Zamandan ve mekândan bağımsızlık. Eğitmen için de, hizmeti alan kişi için de alacağı destek zaman, mekân ve birçok başka şarttan bağımsızdır. Öyle ki, tatile bile gittiğinizde buna uygun tavsiyeleri vermek durumundayımdır. Elbette bunun sebebi, sürecin sonucunun beni de doğrudan ilgilendirmesi. Ek olarak, ev veya spor salonunda çalışmanız da mümkündür.

Eğitim yönünün olması. Birazdan anlatacağım gibi, ister birebir ister uzaktan olsun, her personal trainer danışanının sağlıklı yaşam eğitiminden (hiç olmazsa spor ve sporcu beslenmesi yönünden) birinci dereceden sorumludur. Bu, ayrı bir ücret gerektirmesi söz konusu bile edilemeyecek değişmez bir görevdir. Yola çıktığınız kişinin temel bilgileri 1’se ya da 4’se onu 5’e taşımakla yükümlüsünüz. Yanlış bilgileri varsa bunları tespit edip düzeltmeli ve düzeldiğine dair onay almalısınız.

Dezavantajları

Hareketleri doğru veya yanlış yaptığınızın bilinmemesi. Önemli bir konudur ve görece olarak genel uzmanlığı yetersiz bile olsa hemen her eğitmenin hareket bilgisi sizden çok daha iyidir. Dolayısıyla, uzaktan eğitim alırken hareketleri uygularken yaptığınız hataların tespit edilip defalarca yapılacak tekrarlarla düzeltilmesi şansı, genelde hiç, yoktur.

Motivasyon (yahut baskı) eksikliği. Yaşanabilecek temel sorunlardan biri de budur. Birebir ders alanlarda bir dahaki ders saatine giderken, bir önceki derste kendine verilen ödevleri gerçekleştirip gerçekleştirememenin gururu ya da suçluluğu olur. Eğitmenle birebir diyalog kurmayınca bu baskı ya da motivasyon ortamı ortadan kaybolur. Online personal trainer’lara tavsiyem, motivasyon sorunu olan danışanlarını sanal bir kafakola almalarıdır. Son çare olarak başvurmanız gereken yöntem bu olmalıdır, öğrencilerinizden vazgeçmemeniz çok önemlidir. Bunun maddiyatla bir alakası yoktur, bunun, bir insanın hayallerinden vazgeçip vazgeçmemesiyle alakası vardır ve bizim işimizin manevi boyutu doğrudan bununla ilgilidir.

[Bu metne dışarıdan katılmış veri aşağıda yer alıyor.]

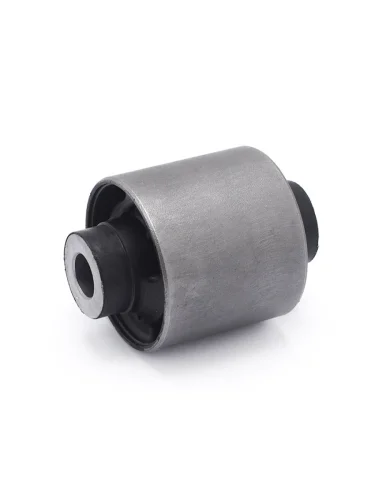 Сайлентблок Nissan AD 99-08  Wingroad 99-05  Mazda Familia 98-08  Nissan Expert 99-06  Liberty 9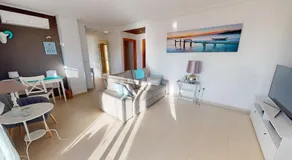 Casa Egeo W - A Murcia Holiday Rentals Property - Image 4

Programın zorluk derecesinin tayininin zor olması. Bir antrenman ve beslenme programının kişiye olabildiğince uygun olarak hazırlanması genelde kâğıt üstünde teorik gerçekleşir. Hata payı buna rağmen salonda gelişigüzel verilen bir programdan daha düşüktür. Yine de çalıştırdığımız kişinin limitlerini ne kadar zorladığımızı ya da ötesine geçip aşırı antrenmana düşürüp düşürmediğimizi ölçümlememiz kesin olarak mümkündür diyemeyiz. Birebir çalıştırdığımızda vücudun yanıtlarını hem antrenmanda hem de antrenman dışında gözlemle çıkarabiliriz. Bu sebeple benim tavsiyem online trainer’lıkda ek sorularla bu durumun peşine ayrıca düşülmesidir.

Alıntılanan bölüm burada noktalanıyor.